◆ **Exercise objective**
Within the data that follows, set down exactly the lines from the one containing "ヴラディレーナ・ミリーゼ学園" through the one containing "VIP-зал в ресторанном", both ends included.

Dataset section start

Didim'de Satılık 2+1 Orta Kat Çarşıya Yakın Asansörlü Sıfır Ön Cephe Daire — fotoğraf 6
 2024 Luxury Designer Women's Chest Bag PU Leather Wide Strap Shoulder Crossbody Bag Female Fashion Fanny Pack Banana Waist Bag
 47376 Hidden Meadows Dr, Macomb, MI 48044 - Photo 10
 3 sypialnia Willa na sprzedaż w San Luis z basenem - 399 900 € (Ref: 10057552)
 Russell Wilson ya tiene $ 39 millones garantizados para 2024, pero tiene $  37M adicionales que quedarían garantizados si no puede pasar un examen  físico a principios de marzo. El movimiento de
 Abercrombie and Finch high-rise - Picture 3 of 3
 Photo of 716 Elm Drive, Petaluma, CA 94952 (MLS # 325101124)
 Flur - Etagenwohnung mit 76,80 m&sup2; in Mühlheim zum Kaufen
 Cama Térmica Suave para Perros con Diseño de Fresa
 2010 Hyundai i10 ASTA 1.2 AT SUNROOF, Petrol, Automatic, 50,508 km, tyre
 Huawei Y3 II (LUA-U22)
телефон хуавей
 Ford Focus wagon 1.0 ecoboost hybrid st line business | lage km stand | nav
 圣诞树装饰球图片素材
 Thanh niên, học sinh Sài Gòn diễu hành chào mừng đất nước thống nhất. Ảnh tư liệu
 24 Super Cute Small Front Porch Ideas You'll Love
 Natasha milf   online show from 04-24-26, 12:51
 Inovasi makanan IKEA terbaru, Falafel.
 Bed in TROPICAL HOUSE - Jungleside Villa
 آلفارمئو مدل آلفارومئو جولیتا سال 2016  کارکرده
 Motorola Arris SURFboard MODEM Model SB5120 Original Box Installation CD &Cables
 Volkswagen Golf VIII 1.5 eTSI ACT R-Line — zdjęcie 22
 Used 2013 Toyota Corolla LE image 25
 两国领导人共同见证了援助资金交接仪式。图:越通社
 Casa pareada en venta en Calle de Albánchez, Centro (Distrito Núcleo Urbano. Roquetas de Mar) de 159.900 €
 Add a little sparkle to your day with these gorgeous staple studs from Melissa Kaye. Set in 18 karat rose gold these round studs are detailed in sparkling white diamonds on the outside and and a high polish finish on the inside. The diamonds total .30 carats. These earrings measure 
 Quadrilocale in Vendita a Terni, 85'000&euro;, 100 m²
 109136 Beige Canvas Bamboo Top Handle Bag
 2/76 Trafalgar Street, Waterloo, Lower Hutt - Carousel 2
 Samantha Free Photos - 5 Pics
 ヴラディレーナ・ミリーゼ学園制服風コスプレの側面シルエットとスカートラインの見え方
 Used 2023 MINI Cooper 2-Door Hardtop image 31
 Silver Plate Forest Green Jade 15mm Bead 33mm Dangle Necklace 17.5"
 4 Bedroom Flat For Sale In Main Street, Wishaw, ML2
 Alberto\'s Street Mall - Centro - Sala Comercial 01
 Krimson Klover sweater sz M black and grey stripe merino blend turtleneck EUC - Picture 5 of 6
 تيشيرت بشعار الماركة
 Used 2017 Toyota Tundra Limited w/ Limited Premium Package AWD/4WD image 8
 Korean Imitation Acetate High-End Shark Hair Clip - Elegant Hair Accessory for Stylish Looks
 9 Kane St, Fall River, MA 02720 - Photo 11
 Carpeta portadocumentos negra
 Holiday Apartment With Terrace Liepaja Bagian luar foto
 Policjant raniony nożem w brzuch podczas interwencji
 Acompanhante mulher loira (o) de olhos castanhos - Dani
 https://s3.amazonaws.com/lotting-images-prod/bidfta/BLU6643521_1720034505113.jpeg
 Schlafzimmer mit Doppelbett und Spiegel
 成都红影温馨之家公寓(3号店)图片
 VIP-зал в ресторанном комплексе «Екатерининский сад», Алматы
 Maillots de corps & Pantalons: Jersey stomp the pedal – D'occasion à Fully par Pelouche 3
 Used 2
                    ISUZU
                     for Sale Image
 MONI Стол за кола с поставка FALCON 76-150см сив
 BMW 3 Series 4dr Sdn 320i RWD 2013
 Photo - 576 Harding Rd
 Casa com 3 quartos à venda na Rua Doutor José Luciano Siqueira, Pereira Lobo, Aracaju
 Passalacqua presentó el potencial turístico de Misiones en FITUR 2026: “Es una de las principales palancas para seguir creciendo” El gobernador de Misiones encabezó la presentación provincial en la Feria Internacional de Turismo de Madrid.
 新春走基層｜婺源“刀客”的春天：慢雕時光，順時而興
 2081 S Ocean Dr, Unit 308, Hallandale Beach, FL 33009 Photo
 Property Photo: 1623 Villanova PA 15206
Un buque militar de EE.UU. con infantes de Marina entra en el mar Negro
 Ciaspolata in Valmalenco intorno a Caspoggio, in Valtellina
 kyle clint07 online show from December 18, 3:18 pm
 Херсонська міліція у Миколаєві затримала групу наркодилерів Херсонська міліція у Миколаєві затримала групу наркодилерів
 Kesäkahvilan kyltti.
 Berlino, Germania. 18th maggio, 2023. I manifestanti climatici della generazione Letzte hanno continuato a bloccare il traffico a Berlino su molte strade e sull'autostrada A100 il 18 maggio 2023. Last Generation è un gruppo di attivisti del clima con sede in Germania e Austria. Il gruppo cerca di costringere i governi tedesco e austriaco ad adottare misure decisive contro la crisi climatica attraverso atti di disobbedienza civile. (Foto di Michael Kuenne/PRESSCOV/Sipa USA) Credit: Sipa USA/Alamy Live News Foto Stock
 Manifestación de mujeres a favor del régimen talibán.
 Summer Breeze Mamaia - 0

Dataset section end

◆ **Exercise output**
 ヴラディレーナ・ミリーゼ学園制服風コスプレの側面シルエットとスカートラインの見え方
 Used 2023 MINI Cooper 2-Door Hardtop image 31
 Silver Plate Forest Green Jade 15mm Bead 33mm Dangle Necklace 17.5"
 4 Bedroom Flat For Sale In Main Street, Wishaw, ML2
 Alberto\'s Street Mall - Centro - Sala Comercial 01
 Krimson Klover sweater sz M black and grey stripe merino blend turtleneck EUC - Picture 5 of 6
 تيشيرت بشعار الماركة
 Used 2017 Toyota Tundra Limited w/ Limited Premium Package AWD/4WD image 8
 Korean Imitation Acetate High-End Shark Hair Clip - Elegant Hair Accessory for Stylish Looks
 9 Kane St, Fall River, MA 02720 - Photo 11
 Carpeta portadocumentos negra
 Holiday Apartment With Terrace Liepaja Bagian luar foto
 Policjant raniony nożem w brzuch podczas interwencji
 Acompanhante mulher loira (o) de olhos castanhos - Dani
 https://s3.amazonaws.com/lotting-images-prod/bidfta/BLU6643521_1720034505113.jpeg
 Schlafzimmer mit Doppelbett und Spiegel
 成都红影温馨之家公寓(3号店)图片
 VIP-зал в ресторанном комплексе «Екатерининский сад», Алматы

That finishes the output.